◆ Required work
The exercise asks you to copy every line below in which "gambar" appears.

[Records excerpted from a collection]
>>>>
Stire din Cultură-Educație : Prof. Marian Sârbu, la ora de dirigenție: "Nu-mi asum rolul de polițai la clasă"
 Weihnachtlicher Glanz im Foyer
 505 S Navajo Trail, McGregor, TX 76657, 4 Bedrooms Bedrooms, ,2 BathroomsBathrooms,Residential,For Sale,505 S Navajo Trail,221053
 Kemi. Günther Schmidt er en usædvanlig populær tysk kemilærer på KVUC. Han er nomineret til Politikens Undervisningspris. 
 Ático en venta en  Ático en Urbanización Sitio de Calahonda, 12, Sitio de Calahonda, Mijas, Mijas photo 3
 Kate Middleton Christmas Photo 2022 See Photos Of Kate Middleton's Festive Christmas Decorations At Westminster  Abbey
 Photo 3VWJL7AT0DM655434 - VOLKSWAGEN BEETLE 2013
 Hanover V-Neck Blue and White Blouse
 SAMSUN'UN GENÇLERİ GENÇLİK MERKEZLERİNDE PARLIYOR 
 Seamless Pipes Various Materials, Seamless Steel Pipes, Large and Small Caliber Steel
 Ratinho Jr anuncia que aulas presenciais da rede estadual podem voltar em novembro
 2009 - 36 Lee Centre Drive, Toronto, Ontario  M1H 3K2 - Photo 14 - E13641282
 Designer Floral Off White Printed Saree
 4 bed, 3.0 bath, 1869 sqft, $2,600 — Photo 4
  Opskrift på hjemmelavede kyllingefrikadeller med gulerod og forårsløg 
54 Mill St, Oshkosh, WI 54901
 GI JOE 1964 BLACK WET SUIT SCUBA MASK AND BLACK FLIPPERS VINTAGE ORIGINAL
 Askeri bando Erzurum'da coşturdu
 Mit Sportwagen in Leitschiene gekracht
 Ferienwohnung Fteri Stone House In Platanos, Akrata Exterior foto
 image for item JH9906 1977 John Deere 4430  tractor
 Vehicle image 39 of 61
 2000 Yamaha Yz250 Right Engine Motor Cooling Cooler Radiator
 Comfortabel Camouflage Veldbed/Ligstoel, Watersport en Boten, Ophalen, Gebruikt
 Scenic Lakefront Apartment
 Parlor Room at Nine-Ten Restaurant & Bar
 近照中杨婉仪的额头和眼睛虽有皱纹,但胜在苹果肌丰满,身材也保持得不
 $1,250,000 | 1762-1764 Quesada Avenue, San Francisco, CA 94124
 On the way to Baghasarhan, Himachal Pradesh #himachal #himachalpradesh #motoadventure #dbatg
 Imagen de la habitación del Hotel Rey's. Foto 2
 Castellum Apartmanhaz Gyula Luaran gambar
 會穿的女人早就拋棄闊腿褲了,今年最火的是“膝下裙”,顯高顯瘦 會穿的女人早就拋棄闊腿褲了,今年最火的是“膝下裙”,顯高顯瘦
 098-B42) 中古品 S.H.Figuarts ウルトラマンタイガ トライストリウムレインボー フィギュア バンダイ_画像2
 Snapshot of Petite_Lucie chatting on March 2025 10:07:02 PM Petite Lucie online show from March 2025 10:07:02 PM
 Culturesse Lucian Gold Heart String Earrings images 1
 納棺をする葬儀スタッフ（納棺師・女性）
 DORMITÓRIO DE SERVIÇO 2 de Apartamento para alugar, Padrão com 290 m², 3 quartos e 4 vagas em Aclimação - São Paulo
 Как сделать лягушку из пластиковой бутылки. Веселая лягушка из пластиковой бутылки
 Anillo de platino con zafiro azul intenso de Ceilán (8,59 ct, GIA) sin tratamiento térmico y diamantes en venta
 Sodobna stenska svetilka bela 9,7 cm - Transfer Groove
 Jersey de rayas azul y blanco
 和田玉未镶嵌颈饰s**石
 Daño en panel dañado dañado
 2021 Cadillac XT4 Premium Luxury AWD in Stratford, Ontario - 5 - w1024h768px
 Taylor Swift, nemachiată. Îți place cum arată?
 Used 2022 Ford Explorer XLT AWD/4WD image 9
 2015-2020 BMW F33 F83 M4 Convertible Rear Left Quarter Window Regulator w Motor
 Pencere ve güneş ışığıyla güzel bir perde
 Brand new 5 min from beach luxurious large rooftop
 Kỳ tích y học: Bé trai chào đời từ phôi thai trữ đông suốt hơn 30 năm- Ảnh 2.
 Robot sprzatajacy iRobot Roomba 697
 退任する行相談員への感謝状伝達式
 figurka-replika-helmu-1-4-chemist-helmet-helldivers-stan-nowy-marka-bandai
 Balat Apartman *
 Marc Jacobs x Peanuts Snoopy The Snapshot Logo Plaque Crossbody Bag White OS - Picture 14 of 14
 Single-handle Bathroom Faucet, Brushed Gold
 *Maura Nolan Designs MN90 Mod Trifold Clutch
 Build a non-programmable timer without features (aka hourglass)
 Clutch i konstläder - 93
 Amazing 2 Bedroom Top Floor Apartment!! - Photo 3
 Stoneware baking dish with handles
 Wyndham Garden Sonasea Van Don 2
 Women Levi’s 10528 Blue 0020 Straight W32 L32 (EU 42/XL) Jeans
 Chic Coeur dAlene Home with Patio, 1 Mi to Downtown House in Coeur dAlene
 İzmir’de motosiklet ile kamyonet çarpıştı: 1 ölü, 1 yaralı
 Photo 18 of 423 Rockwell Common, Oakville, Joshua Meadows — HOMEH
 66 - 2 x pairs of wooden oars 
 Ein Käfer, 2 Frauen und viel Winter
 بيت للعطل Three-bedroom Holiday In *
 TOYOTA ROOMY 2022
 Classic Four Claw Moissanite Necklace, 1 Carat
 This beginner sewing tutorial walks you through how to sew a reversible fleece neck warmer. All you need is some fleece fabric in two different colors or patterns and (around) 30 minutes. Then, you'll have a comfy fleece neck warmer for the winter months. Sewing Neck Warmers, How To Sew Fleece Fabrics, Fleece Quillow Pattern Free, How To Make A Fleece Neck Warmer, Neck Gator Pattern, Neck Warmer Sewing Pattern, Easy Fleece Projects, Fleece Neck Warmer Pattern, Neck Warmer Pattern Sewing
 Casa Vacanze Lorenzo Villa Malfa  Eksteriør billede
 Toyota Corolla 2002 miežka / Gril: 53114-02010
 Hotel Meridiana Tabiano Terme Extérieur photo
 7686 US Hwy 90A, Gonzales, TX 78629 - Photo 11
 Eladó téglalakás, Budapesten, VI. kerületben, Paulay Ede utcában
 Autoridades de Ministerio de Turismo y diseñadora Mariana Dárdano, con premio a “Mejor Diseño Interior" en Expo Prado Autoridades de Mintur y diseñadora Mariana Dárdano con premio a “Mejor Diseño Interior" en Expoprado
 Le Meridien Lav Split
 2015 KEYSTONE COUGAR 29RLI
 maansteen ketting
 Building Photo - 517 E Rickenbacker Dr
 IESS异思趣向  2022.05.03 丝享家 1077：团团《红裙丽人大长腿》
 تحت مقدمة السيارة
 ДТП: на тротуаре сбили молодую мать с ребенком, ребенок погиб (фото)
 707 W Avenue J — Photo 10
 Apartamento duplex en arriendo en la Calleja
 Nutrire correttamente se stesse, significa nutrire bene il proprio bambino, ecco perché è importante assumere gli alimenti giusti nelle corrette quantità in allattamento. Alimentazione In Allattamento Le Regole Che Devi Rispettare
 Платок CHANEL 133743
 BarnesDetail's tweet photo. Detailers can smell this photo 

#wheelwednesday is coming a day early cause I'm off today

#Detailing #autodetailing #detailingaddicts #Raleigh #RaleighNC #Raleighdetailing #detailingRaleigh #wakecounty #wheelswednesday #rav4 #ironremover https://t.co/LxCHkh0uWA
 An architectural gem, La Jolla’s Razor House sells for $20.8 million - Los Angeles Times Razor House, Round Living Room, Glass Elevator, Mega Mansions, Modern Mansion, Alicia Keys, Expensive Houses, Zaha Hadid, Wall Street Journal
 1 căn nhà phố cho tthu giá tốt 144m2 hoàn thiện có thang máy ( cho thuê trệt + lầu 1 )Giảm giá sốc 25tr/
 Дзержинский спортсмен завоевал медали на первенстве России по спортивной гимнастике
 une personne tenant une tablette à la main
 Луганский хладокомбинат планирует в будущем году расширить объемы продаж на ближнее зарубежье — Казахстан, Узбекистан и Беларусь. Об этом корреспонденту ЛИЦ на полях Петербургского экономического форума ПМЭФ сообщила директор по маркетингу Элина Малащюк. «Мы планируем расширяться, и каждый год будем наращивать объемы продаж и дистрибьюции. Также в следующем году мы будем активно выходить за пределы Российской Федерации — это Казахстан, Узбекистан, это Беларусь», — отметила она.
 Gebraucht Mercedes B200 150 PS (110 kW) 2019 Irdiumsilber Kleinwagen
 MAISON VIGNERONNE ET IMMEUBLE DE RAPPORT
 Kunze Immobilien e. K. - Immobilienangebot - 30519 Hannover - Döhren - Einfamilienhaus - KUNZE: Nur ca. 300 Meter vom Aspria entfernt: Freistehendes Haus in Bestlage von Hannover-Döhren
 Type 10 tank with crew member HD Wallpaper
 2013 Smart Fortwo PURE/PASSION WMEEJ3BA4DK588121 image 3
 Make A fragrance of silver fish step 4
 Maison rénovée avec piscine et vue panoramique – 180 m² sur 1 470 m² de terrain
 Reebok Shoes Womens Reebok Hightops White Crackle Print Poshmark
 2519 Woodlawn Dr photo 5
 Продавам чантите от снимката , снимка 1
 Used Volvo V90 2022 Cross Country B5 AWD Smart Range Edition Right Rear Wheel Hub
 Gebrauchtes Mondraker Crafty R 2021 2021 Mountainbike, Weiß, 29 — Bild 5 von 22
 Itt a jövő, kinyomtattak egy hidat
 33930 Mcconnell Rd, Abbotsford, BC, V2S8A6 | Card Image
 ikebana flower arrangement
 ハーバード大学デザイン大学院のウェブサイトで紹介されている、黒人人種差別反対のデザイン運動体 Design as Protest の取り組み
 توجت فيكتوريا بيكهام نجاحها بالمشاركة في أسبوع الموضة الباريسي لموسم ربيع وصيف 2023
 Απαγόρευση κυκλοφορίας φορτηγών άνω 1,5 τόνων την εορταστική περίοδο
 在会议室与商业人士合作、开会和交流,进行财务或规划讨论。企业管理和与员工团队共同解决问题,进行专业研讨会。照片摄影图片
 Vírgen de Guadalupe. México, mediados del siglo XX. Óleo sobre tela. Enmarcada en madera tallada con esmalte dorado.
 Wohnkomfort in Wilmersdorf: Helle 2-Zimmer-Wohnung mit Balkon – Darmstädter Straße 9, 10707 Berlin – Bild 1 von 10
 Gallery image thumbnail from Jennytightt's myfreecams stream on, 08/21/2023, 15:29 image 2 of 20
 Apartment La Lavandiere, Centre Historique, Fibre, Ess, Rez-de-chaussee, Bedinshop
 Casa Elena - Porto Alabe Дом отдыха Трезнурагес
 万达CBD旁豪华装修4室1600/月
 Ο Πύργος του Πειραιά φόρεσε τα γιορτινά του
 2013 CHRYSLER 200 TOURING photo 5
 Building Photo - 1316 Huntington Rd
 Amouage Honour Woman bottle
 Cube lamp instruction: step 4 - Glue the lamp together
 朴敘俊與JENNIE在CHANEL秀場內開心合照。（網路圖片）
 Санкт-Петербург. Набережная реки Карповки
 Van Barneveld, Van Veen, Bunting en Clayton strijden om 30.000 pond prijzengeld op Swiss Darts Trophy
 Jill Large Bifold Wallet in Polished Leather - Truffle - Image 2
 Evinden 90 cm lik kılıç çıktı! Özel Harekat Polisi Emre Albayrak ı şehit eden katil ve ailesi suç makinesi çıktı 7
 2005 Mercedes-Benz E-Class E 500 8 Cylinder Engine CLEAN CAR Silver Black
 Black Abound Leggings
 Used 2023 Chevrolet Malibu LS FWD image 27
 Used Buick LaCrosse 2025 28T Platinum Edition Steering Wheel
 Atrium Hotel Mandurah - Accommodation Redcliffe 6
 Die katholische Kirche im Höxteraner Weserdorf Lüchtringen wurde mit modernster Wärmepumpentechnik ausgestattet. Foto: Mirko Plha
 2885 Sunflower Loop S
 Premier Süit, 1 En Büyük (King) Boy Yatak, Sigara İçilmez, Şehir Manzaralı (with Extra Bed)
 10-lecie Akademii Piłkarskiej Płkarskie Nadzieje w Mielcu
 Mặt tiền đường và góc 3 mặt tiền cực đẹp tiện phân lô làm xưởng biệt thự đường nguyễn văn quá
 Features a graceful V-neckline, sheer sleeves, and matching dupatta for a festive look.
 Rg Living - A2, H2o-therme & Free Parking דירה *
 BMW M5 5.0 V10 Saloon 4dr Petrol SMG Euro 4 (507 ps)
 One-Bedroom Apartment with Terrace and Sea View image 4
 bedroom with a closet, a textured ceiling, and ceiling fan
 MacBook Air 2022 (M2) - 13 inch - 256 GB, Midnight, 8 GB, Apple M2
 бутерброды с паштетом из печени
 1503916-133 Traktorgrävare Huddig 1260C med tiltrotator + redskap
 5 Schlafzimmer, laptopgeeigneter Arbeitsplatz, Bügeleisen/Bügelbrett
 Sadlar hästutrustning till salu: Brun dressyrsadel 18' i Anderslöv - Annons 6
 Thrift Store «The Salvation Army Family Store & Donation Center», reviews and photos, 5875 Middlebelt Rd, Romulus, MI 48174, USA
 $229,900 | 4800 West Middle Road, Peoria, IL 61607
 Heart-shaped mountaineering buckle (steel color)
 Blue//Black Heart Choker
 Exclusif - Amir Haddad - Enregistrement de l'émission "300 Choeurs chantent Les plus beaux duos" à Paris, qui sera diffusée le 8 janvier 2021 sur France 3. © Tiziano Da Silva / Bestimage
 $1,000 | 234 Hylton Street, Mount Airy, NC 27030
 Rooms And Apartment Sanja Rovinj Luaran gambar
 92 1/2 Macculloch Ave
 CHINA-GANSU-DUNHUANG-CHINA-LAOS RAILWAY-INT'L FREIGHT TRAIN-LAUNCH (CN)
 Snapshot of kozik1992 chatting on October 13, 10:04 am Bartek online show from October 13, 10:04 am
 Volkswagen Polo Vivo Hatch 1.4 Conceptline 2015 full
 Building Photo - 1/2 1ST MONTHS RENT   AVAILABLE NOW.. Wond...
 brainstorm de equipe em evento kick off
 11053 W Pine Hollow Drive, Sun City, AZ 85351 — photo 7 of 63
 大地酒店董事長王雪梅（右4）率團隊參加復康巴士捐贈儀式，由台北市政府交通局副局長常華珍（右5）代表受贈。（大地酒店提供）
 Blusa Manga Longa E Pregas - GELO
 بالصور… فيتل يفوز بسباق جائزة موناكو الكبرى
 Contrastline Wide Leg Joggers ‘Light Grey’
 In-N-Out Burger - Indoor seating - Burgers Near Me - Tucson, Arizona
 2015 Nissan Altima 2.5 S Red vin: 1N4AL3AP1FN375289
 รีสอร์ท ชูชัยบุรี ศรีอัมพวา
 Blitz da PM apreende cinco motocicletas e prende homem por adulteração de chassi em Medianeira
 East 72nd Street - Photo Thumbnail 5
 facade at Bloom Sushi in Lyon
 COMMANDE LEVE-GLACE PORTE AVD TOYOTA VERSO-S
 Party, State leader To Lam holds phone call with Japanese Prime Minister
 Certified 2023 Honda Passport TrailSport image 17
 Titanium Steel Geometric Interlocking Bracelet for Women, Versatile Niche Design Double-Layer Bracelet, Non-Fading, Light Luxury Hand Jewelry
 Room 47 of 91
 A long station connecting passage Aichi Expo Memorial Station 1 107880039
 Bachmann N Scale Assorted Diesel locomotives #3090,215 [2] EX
<<<<
◆ Exercise output
 Castellum Apartmanhaz Gyula Luaran gambar
 Rooms And Apartment Sanja Rovinj Luaran gambar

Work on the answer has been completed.